但不管怎麽样,他们都要守好自己的大门,因为这不仅仅是职责,更是在看好自己的小命。
要知道,上个守门失态的太监死的时候可是连身衣服都没有。
没衣服就算了,死相还可怖的紧,看见的人有的至今还在做噩梦。
屋外看门的人还在瑟瑟发抖的嘀咕,屋内的白依依这会哭的梨花带雨,她边擦眼泪边不解,一整个委委屈屈又迷茫可怜。

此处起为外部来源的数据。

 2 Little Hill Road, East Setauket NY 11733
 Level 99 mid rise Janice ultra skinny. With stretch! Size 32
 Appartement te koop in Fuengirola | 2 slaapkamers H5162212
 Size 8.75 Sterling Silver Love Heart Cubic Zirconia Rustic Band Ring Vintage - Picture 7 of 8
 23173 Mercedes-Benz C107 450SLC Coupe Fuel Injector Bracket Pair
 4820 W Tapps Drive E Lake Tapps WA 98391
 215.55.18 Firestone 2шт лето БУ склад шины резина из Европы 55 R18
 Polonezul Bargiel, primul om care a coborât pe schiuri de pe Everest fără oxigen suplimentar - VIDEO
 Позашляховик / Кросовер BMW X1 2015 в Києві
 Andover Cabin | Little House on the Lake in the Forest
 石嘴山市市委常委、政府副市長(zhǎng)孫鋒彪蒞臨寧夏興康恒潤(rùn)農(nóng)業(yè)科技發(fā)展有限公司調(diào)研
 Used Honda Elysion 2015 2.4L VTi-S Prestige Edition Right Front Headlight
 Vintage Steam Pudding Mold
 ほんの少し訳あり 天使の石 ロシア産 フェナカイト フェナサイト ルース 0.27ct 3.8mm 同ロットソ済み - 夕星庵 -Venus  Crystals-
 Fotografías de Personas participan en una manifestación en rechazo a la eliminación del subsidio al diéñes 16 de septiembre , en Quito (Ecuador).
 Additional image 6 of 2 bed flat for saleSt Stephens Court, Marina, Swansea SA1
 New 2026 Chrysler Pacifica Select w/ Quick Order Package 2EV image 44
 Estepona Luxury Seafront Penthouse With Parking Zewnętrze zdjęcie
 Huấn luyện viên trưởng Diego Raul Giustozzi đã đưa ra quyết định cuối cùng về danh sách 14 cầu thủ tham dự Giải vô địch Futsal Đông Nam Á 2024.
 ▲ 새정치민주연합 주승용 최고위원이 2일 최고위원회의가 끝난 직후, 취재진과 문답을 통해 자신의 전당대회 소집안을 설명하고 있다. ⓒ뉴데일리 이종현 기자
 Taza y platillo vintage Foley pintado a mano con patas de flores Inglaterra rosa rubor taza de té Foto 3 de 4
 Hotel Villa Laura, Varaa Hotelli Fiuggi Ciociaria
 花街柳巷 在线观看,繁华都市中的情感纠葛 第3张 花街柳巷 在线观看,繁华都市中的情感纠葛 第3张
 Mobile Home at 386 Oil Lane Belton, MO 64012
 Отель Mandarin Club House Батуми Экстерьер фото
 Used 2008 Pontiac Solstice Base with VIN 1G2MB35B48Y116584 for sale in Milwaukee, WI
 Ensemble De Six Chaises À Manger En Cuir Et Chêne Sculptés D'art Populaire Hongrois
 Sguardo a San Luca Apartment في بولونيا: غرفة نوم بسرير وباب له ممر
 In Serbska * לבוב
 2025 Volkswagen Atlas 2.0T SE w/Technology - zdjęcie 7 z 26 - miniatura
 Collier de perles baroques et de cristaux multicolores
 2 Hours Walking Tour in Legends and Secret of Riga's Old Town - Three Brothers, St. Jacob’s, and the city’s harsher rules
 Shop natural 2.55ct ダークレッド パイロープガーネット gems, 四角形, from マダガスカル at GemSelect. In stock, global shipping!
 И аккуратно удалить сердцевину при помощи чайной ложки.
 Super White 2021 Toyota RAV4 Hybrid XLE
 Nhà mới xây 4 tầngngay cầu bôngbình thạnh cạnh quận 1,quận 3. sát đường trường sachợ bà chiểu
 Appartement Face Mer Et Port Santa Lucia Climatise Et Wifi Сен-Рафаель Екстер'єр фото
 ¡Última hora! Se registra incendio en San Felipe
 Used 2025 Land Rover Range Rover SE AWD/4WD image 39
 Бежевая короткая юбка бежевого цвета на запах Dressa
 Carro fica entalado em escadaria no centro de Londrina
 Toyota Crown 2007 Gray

她屁股疼的快要裂开了,陛下还站在床前用阴测测的目光吓唬她,这让她又害怕又难受。
害怕的是陛下,难受的是屁股。
要说本来还有些迷迷糊糊的状态,现在火辣辣的屁股却是直接将她的酒意打醒了。
不过酒是醒了,脑子还是迷糊的,一时断片没想起之前的事情,这让她委屈极了。
对上她委屈又泪盈盈的眸子,沈赋墨没有任何表态,甚至神色还越来越冷,这让原本对视还觉得有理的白依依逐渐理亏,不由自主的低下了骄傲的头颅。
不管怎麽说,酒醒了也没醒的那麽精神,自然还是几分胆气在里面的,所以白依依很快就又重新擡起头不甘的瞪眼。
然后……
就在这一瞬间,脑子过电般的想起了之前发生的事情。
主要内容包括她对陛下将近三十分钟的骂骂咧咧,这让她一瞬心虚的缩了缩脖子。
她这畏畏缩缩的举动一出来,陛下就知道她那迷糊的脑子清醒了过来,当下就一声冷哼。
“我……我……”白依依我了半天,半个屁都没放出来,沈赋墨瞥了她一眼,“我什麽。”